3 thoughts on “The Infinite Library and Linked Data

  1. Kane

    Thank you for the link and the discussion points!

    Perhaps one move is to revisit the complicity of the very term “information” which has been bequeathed to us from communications theory a la conduit/channel metaphors in Shannon-Weaver. One of the errors is in conflating data and information as though the former is a component of the latter, but the latter generally lacks an operational definition (despite those like Luciano Floridi who attest that a philosophy of information is possible, I am always reminded of Roszak’s warning of the mystic if not fetishistic practices surrounding the very term “information”, and perhaps how it has been made part of an instrumentalization of neoliberal policies). The best answer with respect to the very idea of library information “science” would arguably come from Frohmann who champions the shift from information to that of the documentation practices that present far more flexible and process-based understanding of texts be them analog or digital.

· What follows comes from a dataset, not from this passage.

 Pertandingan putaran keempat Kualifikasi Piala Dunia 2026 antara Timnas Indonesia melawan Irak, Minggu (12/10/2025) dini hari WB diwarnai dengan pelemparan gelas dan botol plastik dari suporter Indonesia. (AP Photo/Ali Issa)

    With respect to embedded linking (esp. in digital text) and the pathways we take in reading according to the multiplicity the text presents, I’m always reminded of Aarseth’s book on ergodic literature (although I am not entirely sure he employs the term “ergodic” correctly).

  2. Jakob

    One of the major barriers to linking is a lack of access. The article has been published in a closed access journal and not self-archived in an open repository. If the author does not even care for the basic linkability of her own work, I strongly doubt that her ideas about how to connect works and metadata is of any practical value.

    1. lkrier Post author

      I don’t think it’s entirely fair to discount the entirety of someone’s work just because of where it’s published. Ideally, it would be feasible to publish everything in open access journals, but we aren’t there yet, and people still have pressure to publish. I do think it’s crucial that librarians fight for tenure and scholarly communication reform, but I’m not an absolutist about these things.